Western Mongolia, 8-29 agosto 2012
Non siamo stati particolarmente fortunati in questi ultimi giorni con
il tempo. Oggi, di fronte ad una pioggia incessante e reduci da due
notti bagnate pure loro, ci siamo arresi e abbiamo comunicato a Don
l’intenzione di non dormire in tenda. Detto fatto: lui ci ha pensato un
attimo su’, con lo sguardo nel vuoto, poi ha annuito e lanciato il
minivan fuori pista. Ed eccoci ospiti in una ger. Diro’ ger e non yurta,
perche’ e’ piu’ simile alla parola mongola.
La famiglia ci accoglie come sempre con tazze di latte salato.

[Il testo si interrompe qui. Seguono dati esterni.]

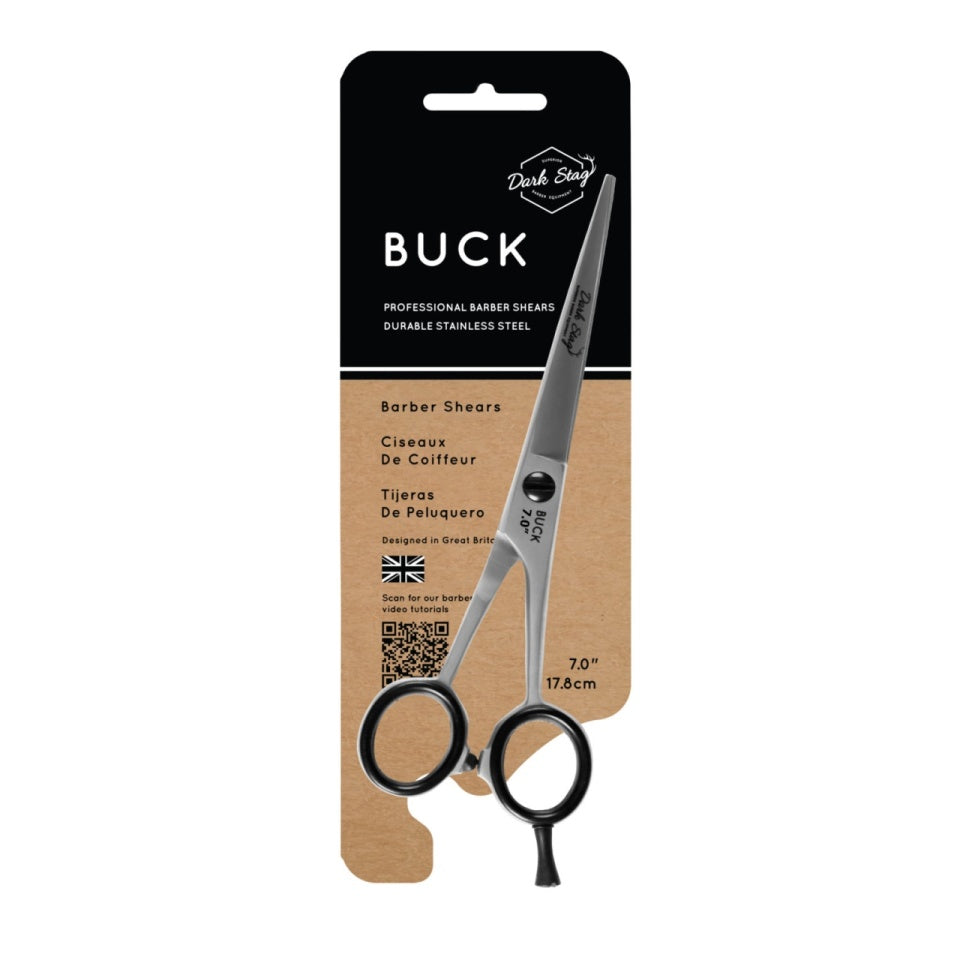 Dark Stag Buck Scissor 7"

Ci
sediamo per terra sui tappeti, ci sono due divani e mobili bassi lungo
la circonferenza della parete; al centro della ger, la stufa accesa
emana un calore piacevolissimo; il tubo della stufa sale dritto ed esce
da un’apertura al centro del tetto, da cui entrano anche indesiderabili
gocce di pioggia. C’e’ un televisore di trent’anni fa che trasmette un
servizio sulle olimpiadi in bianco e nero; c’e’ il corpo scuoiato e
aperto di un capretto appeso ad asciugare; c’e’ una donna indaffarata a
tagliare carne per la cena e badare al fuoco alimentandolo con cacche
secche di yak; ci sono degli uomini che ogni tanto entrano fradici, si
siedono e chiacchierano, fumando sigarette e riempiendo e passandosi un
bicchiere di vodka. E poi c’e’ un bambino biondo di cinque anni,
iperattivo, inizialmente simpatico e divertente, poi un po’ pesantuccio
nelle sue continue richieste di attenzioni, ma siamo in cinque a
palleggiarci il compito di giocarci assieme e riusciamo a non farcelo
pesare troppo. Quando ci da tregua, va a gironzolare attorno agli uomini
che chiacchierano quasi sussurrando e gli si struscia addosso come un
gatto che voglia le coccole; la maggior parte delle volte viene cacciato
con noncuranza, ma ogni tanto riesce nel suo intento e si guadagna il
compito di buttar via la cenere per qualcuno, ottenendo in premio di
farsi un piccolo tiro di segaretta anche lui.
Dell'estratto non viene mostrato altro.